(Exercise description): Only certain lines below are wanted: those starting at the line containing "4 Piezas Filtro" and ending at the line containing "Porte pliante /", both included, each retyped exactly.

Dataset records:
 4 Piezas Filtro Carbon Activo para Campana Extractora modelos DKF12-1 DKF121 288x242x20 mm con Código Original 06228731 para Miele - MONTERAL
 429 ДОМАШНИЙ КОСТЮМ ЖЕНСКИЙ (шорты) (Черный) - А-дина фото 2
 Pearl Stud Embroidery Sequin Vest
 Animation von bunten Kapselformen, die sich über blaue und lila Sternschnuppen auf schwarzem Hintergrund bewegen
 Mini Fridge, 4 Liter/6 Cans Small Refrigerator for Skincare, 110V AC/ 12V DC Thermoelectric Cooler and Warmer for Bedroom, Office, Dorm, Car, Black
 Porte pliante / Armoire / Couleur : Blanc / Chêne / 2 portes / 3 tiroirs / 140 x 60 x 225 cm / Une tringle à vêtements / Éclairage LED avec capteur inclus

---

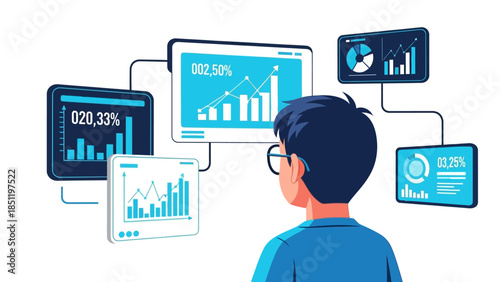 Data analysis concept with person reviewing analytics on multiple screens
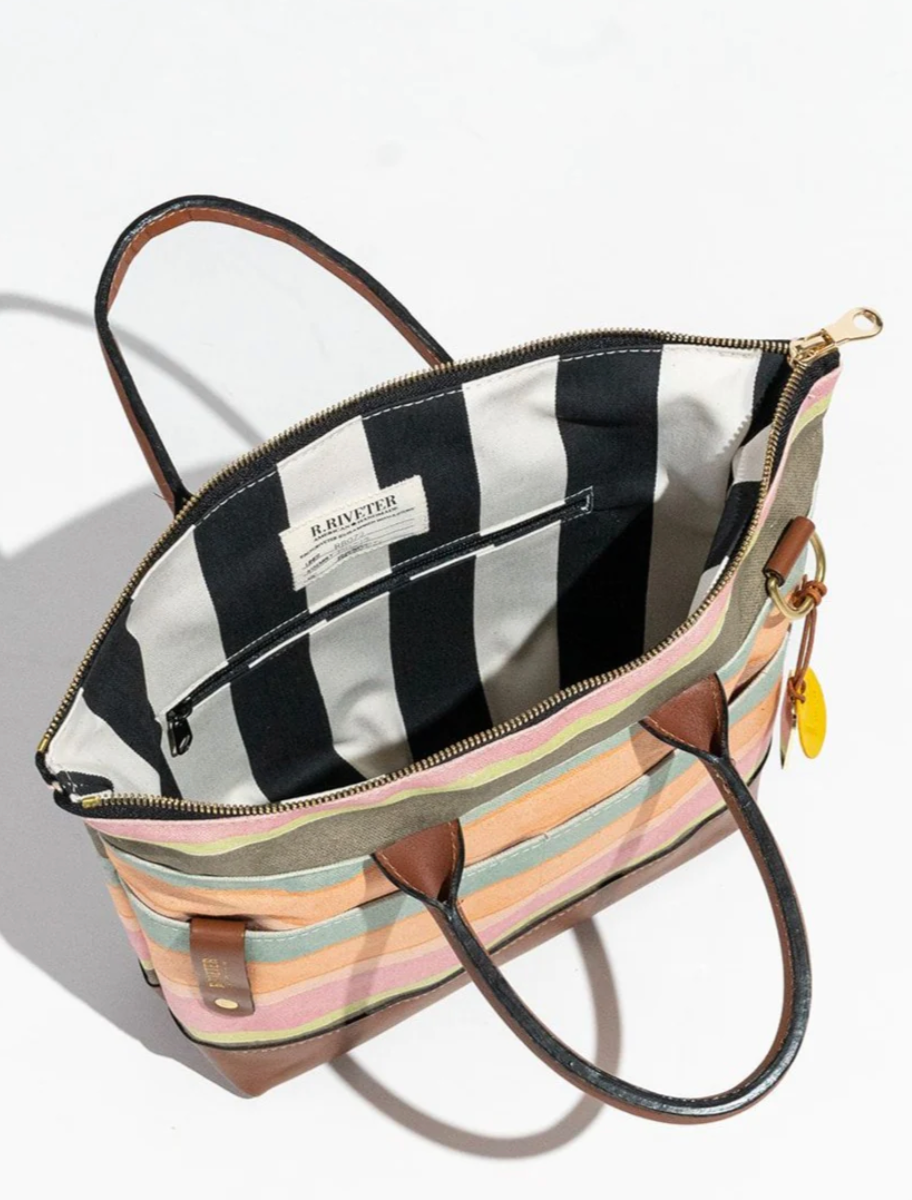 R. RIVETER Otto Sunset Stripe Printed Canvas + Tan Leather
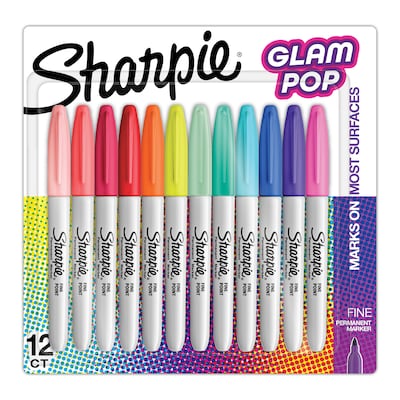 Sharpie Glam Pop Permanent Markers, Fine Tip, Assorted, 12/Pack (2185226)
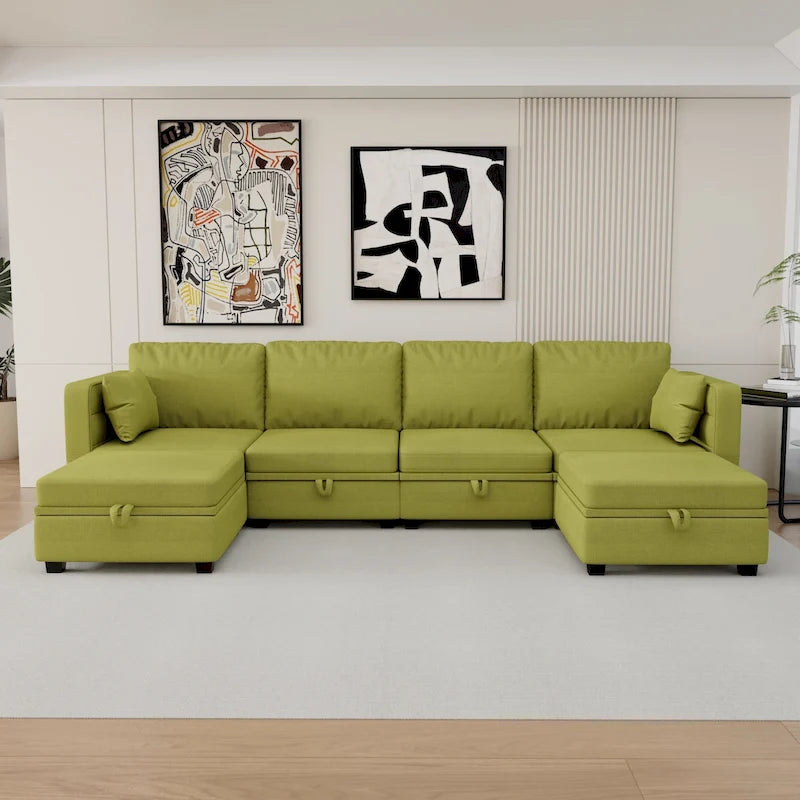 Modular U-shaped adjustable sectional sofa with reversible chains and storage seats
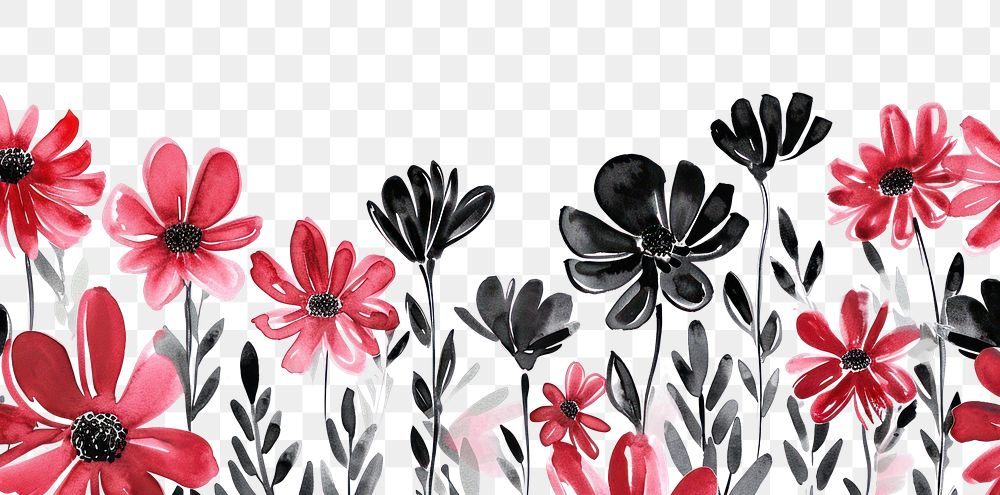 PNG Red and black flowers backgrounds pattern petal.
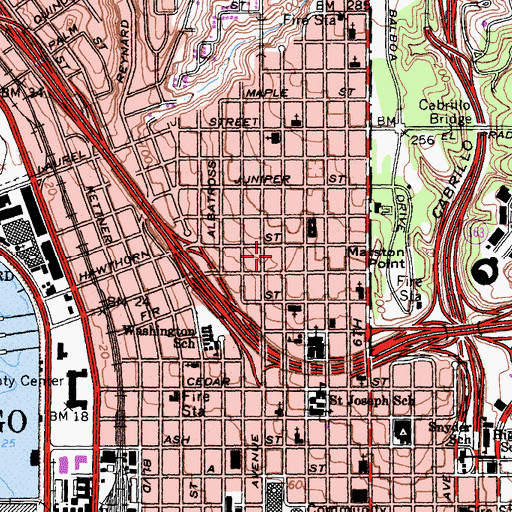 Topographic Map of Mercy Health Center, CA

(Solution for this problem):
 4 Piezas Filtro Carbon Activo para Campana Extractora modelos DKF12-1 DKF121 288x242x20 mm con Código Original 06228731 para Miele - MONTERAL
 429 ДОМАШНИЙ КОСТЮМ ЖЕНСКИЙ (шорты) (Черный) - А-дина фото 2
 Pearl Stud Embroidery Sequin Vest
 Animation von bunten Kapselformen, die sich über blaue und lila Sternschnuppen auf schwarzem Hintergrund bewegen
 Mini Fridge, 4 Liter/6 Cans Small Refrigerator for Skincare, 110V AC/ 12V DC Thermoelectric Cooler and Warmer for Bedroom, Office, Dorm, Car, Black
 Porte pliante / Armoire / Couleur : Blanc / Chêne / 2 portes / 3 tiroirs / 140 x 60 x 225 cm / Une tringle à vêtements / Éclairage LED avec capteur inclus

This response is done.